It boils down to a simple philosophical question: what are conservatives trying to conserve?
Liberalism and conservatism are not fixed moral values across the whole of civilizational history, but change with the context of each era. In 1776, American conservatives were the Loyalists defending monarchy, while the U.S. Founding Fathers were the “destabilizing liberal reformers” who built a completely new blueprint for society based on the ideas of classical liberalism in order to break society free from abusive monarchy.
But by the late 1800s and early 1900s (during the Progressive Era), those same classical liberal ideas about limited government and division of powers were being defended by conservatives even as “progressive” reformers (in both political parties) were actively trying to destroy those limits on power in order to achieve their new “liberalizing” vision of a Big Masterful Interventionist Government that could centrally plan society’s future.
Another example brought up by Canadian rancher and retired military officer Stew Staudinger on his blog is that, in 1976, when Mao Zedong died in China, it was China’s conservatives who tried to preserve communism while Deng Xiaoping forced China to liberalize by embracing increasingly capitalist principles.
In broad strokes, liberal political movements are driven by the instinct to change, to reform, to break taboos and boundaries, and to push the system in new directions (for better or for worse). By contrast, conservatism is the instinct to preserve what has been working to avoid destabilizing the system. Each instinct plays a vital role in the cyclical course of civilization.
Once a new golden era begins, conservatism stabilizes and anchors that new system within the culture to prevent the liberal appetite for ever-changing reform from throwing a working system into chaos. But once an era has run its course and all the core anchors of that system are exhausted, establishment conservatism becomes little more than an anchor to preserve a dying system. At that point, radical reform is needed to solve the problems of the dying era in order to open the door to something new.
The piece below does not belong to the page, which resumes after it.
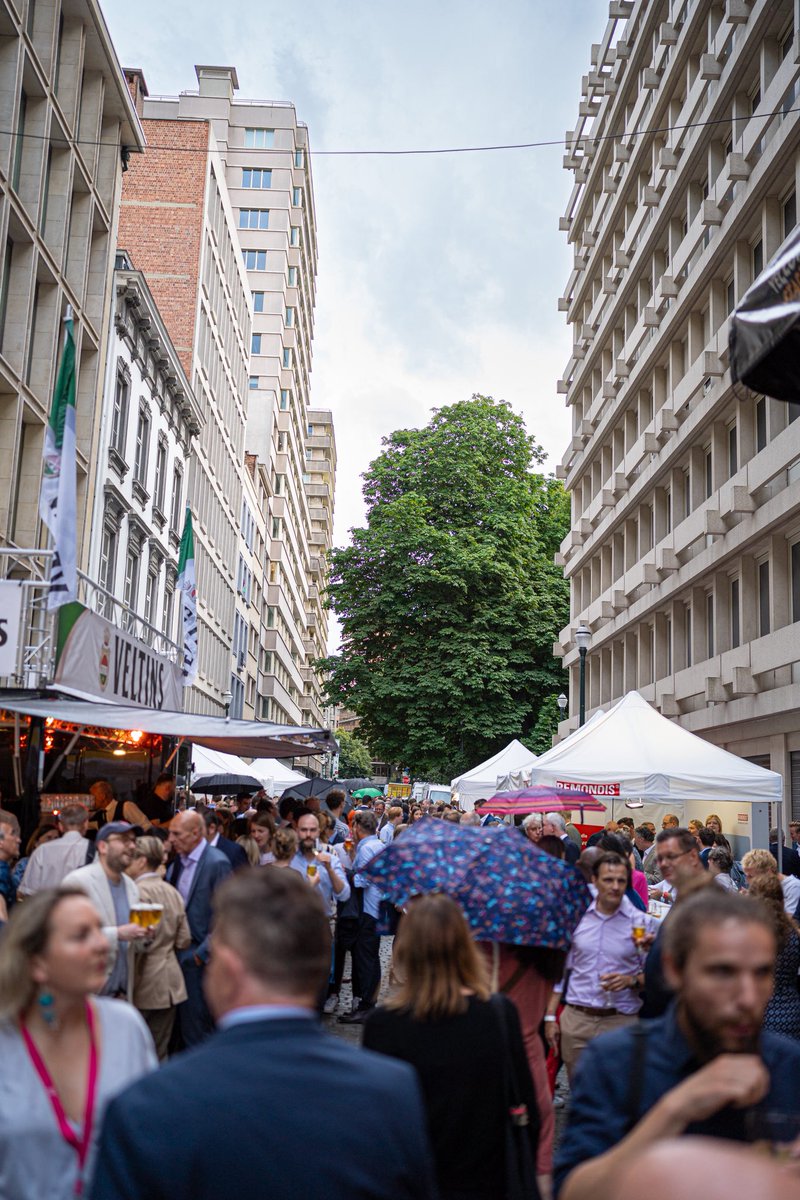 mbeimnrw's tweet image. Das große Sommerfest der @NRWinEU war mit über 1000 Gästen aus Politik, Wirtschaft & Zivilgesellschaft sowie der Partnerregion Westfalen erneut ein voller Erfolg. „Ein starker Beleg dafür, dass #NRW in der europäischen Hauptstadt seinen festen Platz hat“, so Minister @n_liminski.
But who should lead the reform?
As we all know far too well, not all “liberal” calls for change lead to the same destination — indeed, the instinct to seek change often leads society down the darkest paths of all, and is often indistinguishable from the appetite for unrestrained power and central planning. The turning points in history are dangerous times as conservatism no longer anchors society around a workable system even as “liberal” reformers of all stripes compete to impose their vision of the future onto a society desperate for change.
For example, the Bolsheviks “liberalized” Russia’s dying system of monarchy and “saved” Russian peasants from crippling serfdom… by turning to Marxist authoritarianism, thus turning the page to a new era that began with civil war and was followed by seven long decades of crushing central control until the whole dystopian mess collapsed under its own weight — their new stable “golden age” was anything but golden.
It is also worth noting that the Russian civil war from 1917-1922 was ultimately fought between two groups of reformers: the Bolsheviks (Red Army) on the one side and a mix of republican-minded liberals, nationalists, and even monarchists on the other (collectively known as the White Army) who didn’t necessarily share a single cohesive vision of the future but were united in their opposition to what the Bolsheviks had to offer.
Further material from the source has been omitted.